Le président Theodore Roosevelt, né en New York, a connu une immense popularité, car il a tour à tour remporté le prix Nobel de la paix et fondé les grands parcs nationaux américains.

Un énoncé plus court ne requiert pas la virgule.

Le professeur n’a pu donner son cours car il était grippé.

Voilà, point à la ligne.

***

Pour en savoir plus, veuillez consulter les deux ouvrages suivants :

Albert Doppagne, La bonne ponctuation.

Bernard Tanguay, L’art de ponctuer.

Pour faire une histoire courte

Les personnes disertes n’en finissent plus de parler. Elles racontent toutes sortes d’histoires et adorent être le centre d’attention. D’ailleurs, une histoire peut être un récit long et ennuyeux…

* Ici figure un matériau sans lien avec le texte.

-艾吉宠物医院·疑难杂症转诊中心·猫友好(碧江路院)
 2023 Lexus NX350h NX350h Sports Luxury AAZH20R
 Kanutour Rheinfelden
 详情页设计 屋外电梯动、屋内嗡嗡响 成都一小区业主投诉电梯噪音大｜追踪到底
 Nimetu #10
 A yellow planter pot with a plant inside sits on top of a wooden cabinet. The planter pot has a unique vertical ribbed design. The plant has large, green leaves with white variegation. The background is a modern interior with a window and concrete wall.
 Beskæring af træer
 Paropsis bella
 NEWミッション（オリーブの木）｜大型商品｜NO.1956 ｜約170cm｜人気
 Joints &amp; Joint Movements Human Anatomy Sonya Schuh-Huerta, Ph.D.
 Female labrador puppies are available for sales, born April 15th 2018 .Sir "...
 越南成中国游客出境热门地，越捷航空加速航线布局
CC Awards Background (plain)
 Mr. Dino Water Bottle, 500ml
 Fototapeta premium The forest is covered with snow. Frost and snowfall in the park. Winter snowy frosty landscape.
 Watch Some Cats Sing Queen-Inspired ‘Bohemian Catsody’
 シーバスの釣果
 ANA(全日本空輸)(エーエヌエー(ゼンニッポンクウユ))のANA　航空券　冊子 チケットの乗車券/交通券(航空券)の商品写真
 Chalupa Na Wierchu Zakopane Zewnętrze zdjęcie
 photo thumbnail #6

Pour faire une histoire courte, ces personnes au verbe luxuriant peuvent parfois être envahissantes, pour rester poli.

Certains d’entre vous ont peut-être sursauté en lisant l’amorce de la phrase précédente. Pour faire une histoire courte… to make a long story short.

Des ouvrages comme le Dictionnaire des anglicismes de Colpron et le Multidictionnaire de la langue française, de Marie-Eva De Villers mettent les lecteurs en garde contre cette expression, qui est un anglicisme. Le calque est tellement naturel qu’on peut n’y voir que du feu.

Heureusement, on peut y remédier facilement :

En résumé, bref, pour couper court, pour résumer, sans vouloir tout vous raconter, pour faire court, pour faire vite, allons droit au but, pour abréger, pour abréger mon récit/mon histoire, en deux mots, somme toute, etc.

Bref, allez droit au but, comme dans ce billet.